In 1965 Congress passed the Voting Rights Act. Among a number of goals, one of the fundamental purposes of the Voting Rights Act was to protect the right of all citizens to vote and ensure that they would be no barriers for anyone to vote. In short, the Voting Rights Act was passed to eliminate voting discrimination. In 2013, the Supreme Court found a provision of the Voting Rights Act unconstitutional. In one stroke, the Court’s ruling undid almost 50 years of work in voting rights. The fear among many now is that the nation will see a return to the discriminatory voting laws of the past. For others, this is not the time to stand idly but the time to act and forge a new way to make sure voting is fair.
Senator Ellis’s letter, presumably to his constituents, is a call to action for people in his district to stand up and fight for their right to fair elections and against voter discrimination. Ellis was sparked to action by the 2013 Supreme Court case, Shelby County v. Holder, in which the Court found Section 4 of the Voting Rights Act of 1965 to be unconstitutional. Originally, Section 5 of Voting Right Act required a number of states, including Texas, that have a history of discriminatory voting practices, to get pre-clearance approval from the US Department of Justice before making a change to their election laws or voter district maps. Section 4 of the Act, on the other hand, details the formula that is used to determine which states require pre-clearance. While Shelby, found Section 5 to be unconstitutional, by striking Section 4, the Court in essence rendered Section 5 unworkable. Ellis argues that without the protections of Section 5’s pre-clearance approvals, Texas and other states will reintroduce the discriminatory voting actions of the past the Voting Rights Act was passed to stop in the first place. As proof, Ellis points to Texas’ voter ID law and redistricting policies. According to Ellis, without Section 5 to block them, the voter ID laws and redistricting has not only “made is significantly more difficult” for nearly one million voters of color to vote but have also been found “deliberately discriminatory.”
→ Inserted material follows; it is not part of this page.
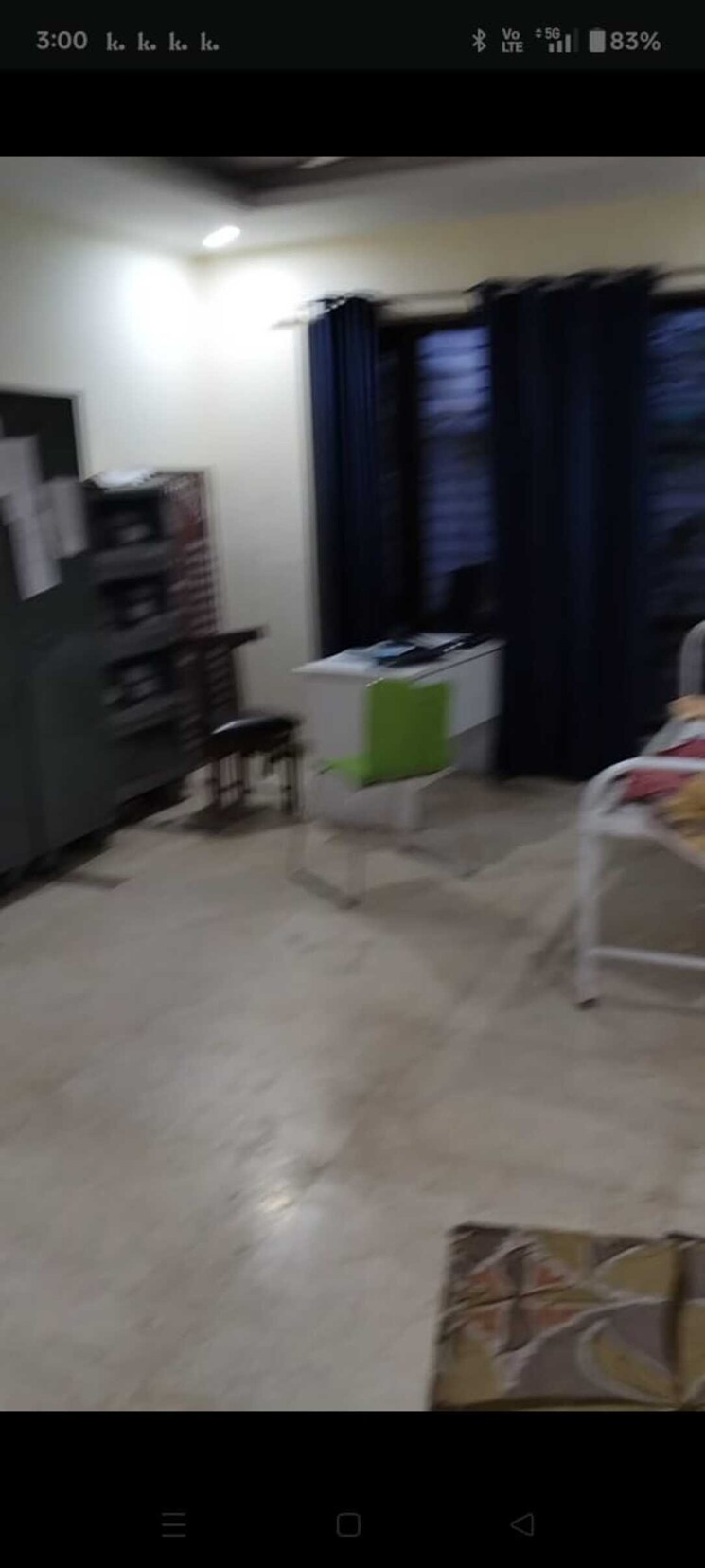  Parking, sector 52 6+ Bedroom 450 Sq.Mt. Independent House In Sector 52 Noida 9008538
Senator Ellis is absolutely right to be nervous. Undoubtedly, discrimination exists and that it most certainly affects what voting laws and how voting policies are implemented towards minorities. In fact, Chief Justice Roberts said in Shelby, “voting discrimination still exists, no one doubts that” (Shelby County v. Holder, 2013). He is also right to fear that without Section 5’s protections, it is likely that states which historically discriminated against minority voters will do so again. This is illustrated not only in the examples offered by Ellis himself but also by the fact that in Texas at least only one-third of the legislative seats are held by minority representatives. Accordingly, any bill for that might make it potentially harder for a non-minority incumbent to keep his seat in a state that is 55 percent minority seems highly unlikely. To be sure, the opposite effect would likely occur with the passage of laws and policies to aim to protect incumbents. Finally, Ellis is correct in his call to action. Now that Section 4 has been declared unconstitutional, people can’t rely on it for protection. What is needed now is citizen action. As Ellis suggests, citizen action can take several forms. First it can be used to put pressure on Congress to “update” Section 4, as the Court suggests” to be more in line with current standards yet also ensuring fair and non-discriminatory voting practices. Second, it can put pressure on state legislature to avoid enacting discriminatory voting laws. Finally, it can use the laws as they are to force change. Indeed, by educating the public, registering voters according to the laws on the books, making sure that on voting day all voters follow the laws, people can still vote out those people they oppose (the people that support more restrictive voting laws).